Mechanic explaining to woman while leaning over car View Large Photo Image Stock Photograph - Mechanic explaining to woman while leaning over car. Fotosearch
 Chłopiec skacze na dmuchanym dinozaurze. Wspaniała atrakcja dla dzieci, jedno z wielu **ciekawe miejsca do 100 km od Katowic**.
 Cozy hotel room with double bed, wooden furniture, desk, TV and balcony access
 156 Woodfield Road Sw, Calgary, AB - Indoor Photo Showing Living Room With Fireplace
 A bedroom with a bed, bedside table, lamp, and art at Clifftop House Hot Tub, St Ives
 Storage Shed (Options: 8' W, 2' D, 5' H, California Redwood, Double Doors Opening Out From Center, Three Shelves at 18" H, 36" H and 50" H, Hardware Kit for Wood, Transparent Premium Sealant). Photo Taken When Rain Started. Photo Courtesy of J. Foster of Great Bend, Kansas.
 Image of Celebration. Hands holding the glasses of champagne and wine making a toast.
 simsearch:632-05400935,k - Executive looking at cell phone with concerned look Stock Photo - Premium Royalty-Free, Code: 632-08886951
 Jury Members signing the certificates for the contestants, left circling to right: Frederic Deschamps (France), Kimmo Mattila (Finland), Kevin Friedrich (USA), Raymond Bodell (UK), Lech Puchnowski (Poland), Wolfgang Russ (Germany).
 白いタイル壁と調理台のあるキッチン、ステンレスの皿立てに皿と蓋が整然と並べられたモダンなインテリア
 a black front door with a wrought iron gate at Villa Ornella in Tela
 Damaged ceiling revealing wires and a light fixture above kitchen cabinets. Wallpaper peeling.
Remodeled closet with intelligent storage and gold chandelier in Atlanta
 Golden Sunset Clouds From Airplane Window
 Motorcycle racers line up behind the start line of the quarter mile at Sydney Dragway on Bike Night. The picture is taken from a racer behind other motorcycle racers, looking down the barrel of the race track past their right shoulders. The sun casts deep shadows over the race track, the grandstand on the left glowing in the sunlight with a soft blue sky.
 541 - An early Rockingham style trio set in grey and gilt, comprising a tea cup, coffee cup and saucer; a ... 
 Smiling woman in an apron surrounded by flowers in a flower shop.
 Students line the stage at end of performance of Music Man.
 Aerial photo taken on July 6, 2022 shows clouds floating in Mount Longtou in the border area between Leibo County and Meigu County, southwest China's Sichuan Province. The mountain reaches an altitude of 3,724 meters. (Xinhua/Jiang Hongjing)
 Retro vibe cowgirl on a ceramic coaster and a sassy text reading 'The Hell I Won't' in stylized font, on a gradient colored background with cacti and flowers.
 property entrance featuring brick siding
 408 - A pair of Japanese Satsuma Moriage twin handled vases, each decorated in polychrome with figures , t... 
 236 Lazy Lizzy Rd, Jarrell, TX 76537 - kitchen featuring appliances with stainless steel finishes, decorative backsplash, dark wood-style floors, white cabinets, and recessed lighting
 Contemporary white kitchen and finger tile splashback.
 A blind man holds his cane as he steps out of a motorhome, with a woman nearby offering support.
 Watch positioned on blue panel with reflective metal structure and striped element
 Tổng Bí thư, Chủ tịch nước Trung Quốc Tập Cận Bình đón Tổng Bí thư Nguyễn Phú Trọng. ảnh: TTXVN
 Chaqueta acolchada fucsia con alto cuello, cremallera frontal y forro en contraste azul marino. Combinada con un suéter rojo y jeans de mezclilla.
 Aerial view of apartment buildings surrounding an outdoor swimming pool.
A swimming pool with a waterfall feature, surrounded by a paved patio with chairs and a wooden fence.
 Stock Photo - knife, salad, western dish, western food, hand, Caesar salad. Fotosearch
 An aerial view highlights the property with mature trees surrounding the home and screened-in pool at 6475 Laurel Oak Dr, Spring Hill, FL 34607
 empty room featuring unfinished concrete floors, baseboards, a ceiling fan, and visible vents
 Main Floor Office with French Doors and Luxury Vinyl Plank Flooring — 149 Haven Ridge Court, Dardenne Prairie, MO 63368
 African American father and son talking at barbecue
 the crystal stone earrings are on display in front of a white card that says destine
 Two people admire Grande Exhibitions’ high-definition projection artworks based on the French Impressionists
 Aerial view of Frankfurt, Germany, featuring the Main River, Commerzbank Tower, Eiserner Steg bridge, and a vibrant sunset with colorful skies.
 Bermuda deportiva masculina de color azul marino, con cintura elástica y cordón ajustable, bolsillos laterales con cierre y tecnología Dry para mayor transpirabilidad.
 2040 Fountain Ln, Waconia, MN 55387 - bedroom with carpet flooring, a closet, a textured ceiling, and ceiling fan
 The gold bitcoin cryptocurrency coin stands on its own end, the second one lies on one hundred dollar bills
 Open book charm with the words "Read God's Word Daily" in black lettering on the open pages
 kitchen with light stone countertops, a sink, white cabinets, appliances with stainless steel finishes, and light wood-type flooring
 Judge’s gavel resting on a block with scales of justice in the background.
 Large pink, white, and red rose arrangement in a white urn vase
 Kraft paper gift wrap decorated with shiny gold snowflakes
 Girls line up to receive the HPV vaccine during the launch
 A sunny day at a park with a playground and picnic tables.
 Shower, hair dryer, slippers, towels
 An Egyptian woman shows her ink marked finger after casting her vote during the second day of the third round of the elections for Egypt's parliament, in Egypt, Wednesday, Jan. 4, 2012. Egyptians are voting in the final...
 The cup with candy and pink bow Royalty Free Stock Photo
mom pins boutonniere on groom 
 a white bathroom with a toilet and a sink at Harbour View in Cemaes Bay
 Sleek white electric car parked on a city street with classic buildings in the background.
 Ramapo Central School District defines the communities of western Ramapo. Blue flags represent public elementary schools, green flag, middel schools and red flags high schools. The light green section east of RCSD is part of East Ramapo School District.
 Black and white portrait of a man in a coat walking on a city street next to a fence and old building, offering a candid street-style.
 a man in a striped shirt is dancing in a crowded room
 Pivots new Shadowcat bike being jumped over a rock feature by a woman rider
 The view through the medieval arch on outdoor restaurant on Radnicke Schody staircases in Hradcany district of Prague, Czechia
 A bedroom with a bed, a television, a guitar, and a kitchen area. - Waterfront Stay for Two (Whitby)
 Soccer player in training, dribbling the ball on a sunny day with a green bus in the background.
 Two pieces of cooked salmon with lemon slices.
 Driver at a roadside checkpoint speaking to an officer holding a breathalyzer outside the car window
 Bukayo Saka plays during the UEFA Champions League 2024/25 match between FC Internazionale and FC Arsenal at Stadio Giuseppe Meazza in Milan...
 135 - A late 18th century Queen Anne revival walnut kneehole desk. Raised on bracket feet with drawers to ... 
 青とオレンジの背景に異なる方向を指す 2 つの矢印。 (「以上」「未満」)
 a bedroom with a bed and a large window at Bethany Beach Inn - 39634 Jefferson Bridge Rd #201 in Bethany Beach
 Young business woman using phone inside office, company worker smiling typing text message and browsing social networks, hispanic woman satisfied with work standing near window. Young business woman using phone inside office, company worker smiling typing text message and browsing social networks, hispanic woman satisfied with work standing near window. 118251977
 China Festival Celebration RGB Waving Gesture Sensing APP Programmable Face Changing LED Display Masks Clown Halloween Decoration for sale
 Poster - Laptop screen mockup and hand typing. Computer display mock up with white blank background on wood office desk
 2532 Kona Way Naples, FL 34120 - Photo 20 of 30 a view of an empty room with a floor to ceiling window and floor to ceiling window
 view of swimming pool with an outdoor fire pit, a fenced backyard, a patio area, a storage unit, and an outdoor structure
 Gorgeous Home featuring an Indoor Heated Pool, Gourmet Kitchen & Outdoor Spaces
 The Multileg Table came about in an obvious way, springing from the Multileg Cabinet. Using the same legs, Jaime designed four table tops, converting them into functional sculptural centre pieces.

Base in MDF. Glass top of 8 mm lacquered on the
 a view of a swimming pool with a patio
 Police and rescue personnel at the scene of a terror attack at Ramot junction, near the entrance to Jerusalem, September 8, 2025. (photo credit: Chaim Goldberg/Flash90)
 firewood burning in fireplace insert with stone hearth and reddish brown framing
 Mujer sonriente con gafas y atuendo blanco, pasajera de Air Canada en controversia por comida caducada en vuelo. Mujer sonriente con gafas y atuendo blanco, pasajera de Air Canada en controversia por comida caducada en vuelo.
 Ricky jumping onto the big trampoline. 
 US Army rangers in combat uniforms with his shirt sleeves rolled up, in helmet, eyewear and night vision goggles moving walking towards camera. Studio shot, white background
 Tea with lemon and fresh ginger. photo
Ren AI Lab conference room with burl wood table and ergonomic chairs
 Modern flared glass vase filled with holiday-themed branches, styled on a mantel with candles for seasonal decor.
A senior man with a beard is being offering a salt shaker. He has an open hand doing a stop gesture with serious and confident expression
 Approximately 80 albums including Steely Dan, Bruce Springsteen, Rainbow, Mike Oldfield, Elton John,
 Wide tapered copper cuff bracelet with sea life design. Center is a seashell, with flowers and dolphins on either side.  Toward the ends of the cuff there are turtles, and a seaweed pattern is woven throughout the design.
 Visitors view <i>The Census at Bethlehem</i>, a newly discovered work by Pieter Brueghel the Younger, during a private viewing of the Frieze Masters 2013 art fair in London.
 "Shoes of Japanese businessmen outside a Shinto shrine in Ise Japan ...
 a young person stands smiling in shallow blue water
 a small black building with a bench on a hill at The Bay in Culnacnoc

## Your instructions
Using the entries above, repeat only the lines from the one containing "Gorgeous Home featuring" through the one containing "Ricky jumping onto the big trampoline.", end lines included.

## Solution
 Gorgeous Home featuring an Indoor Heated Pool, Gourmet Kitchen & Outdoor Spaces
 The Multileg Table came about in an obvious way, springing from the Multileg Cabinet. Using the same legs, Jaime designed four table tops, converting them into functional sculptural centre pieces.

Base in MDF. Glass top of 8 mm lacquered on the
 a view of a swimming pool with a patio
 Police and rescue personnel at the scene of a terror attack at Ramot junction, near the entrance to Jerusalem, September 8, 2025. (photo credit: Chaim Goldberg/Flash90)
 firewood burning in fireplace insert with stone hearth and reddish brown framing
 Mujer sonriente con gafas y atuendo blanco, pasajera de Air Canada en controversia por comida caducada en vuelo. Mujer sonriente con gafas y atuendo blanco, pasajera de Air Canada en controversia por comida caducada en vuelo.
 Ricky jumping onto the big trampoline. 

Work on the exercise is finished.